There is a European risk premium that investors can access, executive director of the Fonds de Réserve pour les Retraites, Olivier Rousseau, told delegates at the opening of the Fiduciary Investors Symposium, at INSEAD in France.
In a session during which he explored whether there was a European risk premium, whether one could be justified and how big it could be, Rousseau said there was a 5-10 per cent premium in the eurozone and a 10-15 per cent premium for the French market.
“The European risk premium is very much there and is connected with the political landscape we have been through over the past few years, [which has] taken a more dramatic turn recently,” Rousseau said. “What has happened elsewhere is of great significance for the eurozone. Markets don’t like the eurozone very much; the euro is weak and equity markets have been underperforming.
“There are not bad policies but we have inflicted a lot of problems on our markets with Basel III and Solvency II. And you have first-class companies in Europe.
“Profits have not been doing well in the eurozone, which is why markets have not been doing well.
Conditions for a recovery in the sharemarket are there, but we have the geopolitical risk overhanging.”

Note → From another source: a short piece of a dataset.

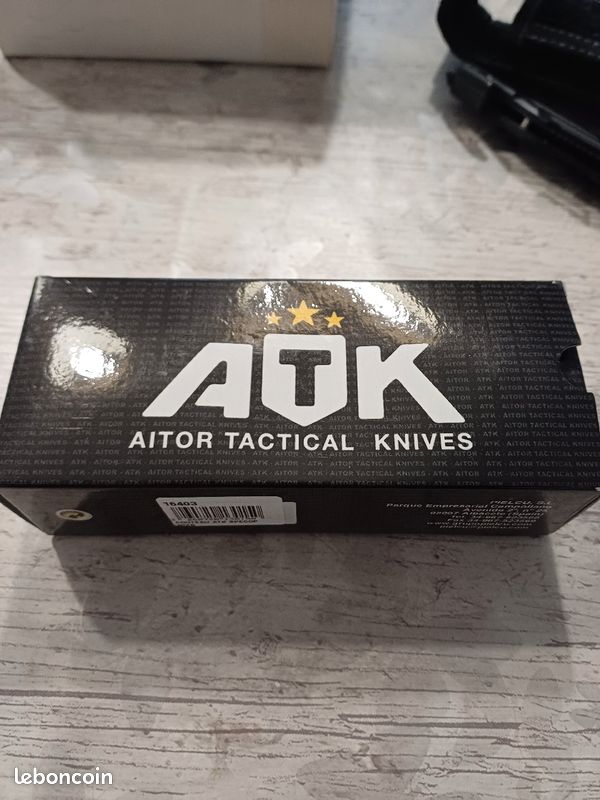 A T K knives (image 1)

Also speaking at the Fiduciary Investors Symposium, Philippe Tibi, professor of finance at École Polytechnique, said venture capital could help transform the European market the way it has transformed US capitalism. The US enjoys 60 per cent of venture-capital flows, he said, followed by China, which already receives 20 per cent of flows. Europe represents 10-12 per cent of the funds allocated to venture capital.
“Why is it such a small allocation, given the size of the economy? It’s not because of lack of talent or size. The problem for Europe is more about institutions and agents,” Tibi said.
In Europe, wealthy individuals tend to invest outside of the continent, he explained, and institutions are restricted by legislation. He called France one of the few hubs of Europe.
“We have a vast pool of talent; there are 60,000 French people in Silicon Valley. We have 13 Noble Prize winners and are strong in science and mathematics,” Tibi said.